Although Julia Yanquell (Viera) was in and out of Coronado school due to her father’s Navy duties, she fondly treasured her recollections. Among them she shared: “The thing that I wanted to do more than anything was to ride horses, and we had stables in Coronado… They made me wait until I was 9 years old. I had a picture of me on the star horse, who was a polo pony that I loved. We used to ride all the way around the island… When we got to Ocean boulevard, if it was high tide, we had to walk along the street, but if it was low tide, we rode along the sand to the hotel, crossed at the hotel, and went along the island.” Continuing her passion for horses in other Navy locations led her to win cups and ribbons.

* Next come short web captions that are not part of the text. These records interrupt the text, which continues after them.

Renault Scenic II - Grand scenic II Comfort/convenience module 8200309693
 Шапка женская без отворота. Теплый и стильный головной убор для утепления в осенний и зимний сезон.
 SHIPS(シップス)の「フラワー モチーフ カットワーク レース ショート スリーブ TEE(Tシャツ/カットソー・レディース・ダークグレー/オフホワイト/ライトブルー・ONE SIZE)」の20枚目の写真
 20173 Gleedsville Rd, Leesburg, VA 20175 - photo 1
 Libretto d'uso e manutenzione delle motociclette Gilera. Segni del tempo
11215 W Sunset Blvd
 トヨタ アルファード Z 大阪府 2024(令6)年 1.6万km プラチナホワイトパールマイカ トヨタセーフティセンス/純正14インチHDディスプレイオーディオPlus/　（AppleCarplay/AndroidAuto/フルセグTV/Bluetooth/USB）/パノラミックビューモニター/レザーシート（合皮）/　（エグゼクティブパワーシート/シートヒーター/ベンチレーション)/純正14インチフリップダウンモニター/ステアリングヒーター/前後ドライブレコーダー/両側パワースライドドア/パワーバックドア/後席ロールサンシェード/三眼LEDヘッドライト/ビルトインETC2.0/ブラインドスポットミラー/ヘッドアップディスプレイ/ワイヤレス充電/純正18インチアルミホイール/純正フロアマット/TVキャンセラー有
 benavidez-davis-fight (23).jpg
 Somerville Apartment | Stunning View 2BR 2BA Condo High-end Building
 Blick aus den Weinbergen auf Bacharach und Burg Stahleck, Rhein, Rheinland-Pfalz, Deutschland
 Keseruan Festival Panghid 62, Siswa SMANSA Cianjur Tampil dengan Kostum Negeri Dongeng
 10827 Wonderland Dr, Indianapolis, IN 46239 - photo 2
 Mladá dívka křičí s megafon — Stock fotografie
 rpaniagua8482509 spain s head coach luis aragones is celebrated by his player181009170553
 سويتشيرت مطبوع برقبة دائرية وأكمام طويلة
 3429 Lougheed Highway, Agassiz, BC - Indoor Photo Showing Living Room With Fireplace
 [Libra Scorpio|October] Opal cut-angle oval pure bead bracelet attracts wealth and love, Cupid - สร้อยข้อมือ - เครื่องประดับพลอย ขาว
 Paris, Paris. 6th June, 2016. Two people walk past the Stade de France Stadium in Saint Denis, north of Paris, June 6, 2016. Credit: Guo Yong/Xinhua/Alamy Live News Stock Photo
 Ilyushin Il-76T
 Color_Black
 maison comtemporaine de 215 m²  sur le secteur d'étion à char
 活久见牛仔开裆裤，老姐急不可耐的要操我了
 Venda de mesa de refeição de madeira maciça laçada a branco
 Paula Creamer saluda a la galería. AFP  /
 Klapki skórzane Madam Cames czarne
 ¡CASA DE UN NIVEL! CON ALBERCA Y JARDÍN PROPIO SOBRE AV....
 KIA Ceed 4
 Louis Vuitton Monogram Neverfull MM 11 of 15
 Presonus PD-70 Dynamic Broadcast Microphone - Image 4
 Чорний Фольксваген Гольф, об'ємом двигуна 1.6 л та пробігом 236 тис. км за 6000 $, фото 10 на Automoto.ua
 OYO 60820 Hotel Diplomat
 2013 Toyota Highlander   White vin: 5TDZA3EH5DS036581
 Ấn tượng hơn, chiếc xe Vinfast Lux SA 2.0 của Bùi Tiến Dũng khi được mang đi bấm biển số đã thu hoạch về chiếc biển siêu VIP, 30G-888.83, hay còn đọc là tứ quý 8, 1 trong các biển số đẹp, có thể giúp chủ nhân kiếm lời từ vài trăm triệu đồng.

Mrs. Viera shared a story about the Central Drug Store’s scale: “When I was in 3rd grade…after dinner, my father would say: We will walk up to the drugstore and you can have an ice cream; I’ll buy a paper and we will weigh you on the scale.” When the closing of the drugstore took place, Viera called to the Museum requesting: “Don’t lose that scale”. Her crucial call ensured that the 1919 lollipop-style Toledo scale forms part of CHA’s historical heritage. Also, with a twinkle in her eyes, she told us that when she was in 8th grade, she was among the shortest in her class with a height of 5’ –as the picture testifies. When she came back to Coronado –after a year and a half, she was astonishing her friends with her 5’7” height.

In December 1941, Julia with two high school freshman friends were organizing the Christmas dance at the officers’ Club at North Island. Though the invitation was published in the Coronado Journal, the dance was cancelled due to the bombing of Pearl Harbor. On December 7, 1941 she got the news of Pearl Harbor from her friend’s phone call, who had just heard it on the radio. At the time, her father was at sea in the Atlantic, due to the presence of German submarines, and she was living with her mother and her 5 years younger sister, Elizabeth, at 727 G. This was their first family home; they built it in 1939 and it does not exist anymore.

In 1944, she graduated from CHS and from UCLA four years later. In 1954, Julia Yanquell drove her 1948 Ford Woodie from Washington to North Island Chapel. On March 3rd, she married Captain Jack Viera. They lived a unique and often exciting 48 years –many of them overseas– following his Navy UDT –now SEAL– and Merchant Marine Master career. Mrs. Viera was a great companion to her husband and his team, “Back in the day, the commander’s Officer wife was the psychiatrist, the nurse.” Since her move back to Coronado, she has been hosting the annual SEAL gathering in her own backyard every August.

While setting residence in his native San Francisco, Mrs. Viera got civically involved in many prominent city boards, the Park, Port, and many more. In September 2005, she was recognized with “Julia Viera Day in San Francisco”. Though the list of accomplishments in her adopted city continues, in 2005–4 years after losing her husband– Mrs. Viera pondered: “What I am doing in this big city all by myself. So, I came home and it is the best –most wonderful thing– I could possibly have done.” One of the many positive signs that confirmed her move back to Coronado was when shortly after arriving: “the retired SEAL Moki Martin in his wheelchair welcomed me saying: “Captain Viera is the hero of my life.” So, I thought: This will do.” 

Mrs. Viera’s relentless spirit remains civically committed with her 116 and counting opinion pieces published in San Diego papers and even the Economist. She also plays tennis three times a week, though challenged by her recent fall, she has already been back on the court. Clearly, her joie de vivre is contagious and her attitude is exemplary. Reflecting upon Coronado, smiling with her eyes, she expressed: “Coronado has been the most wonderful town. There is no question about that.”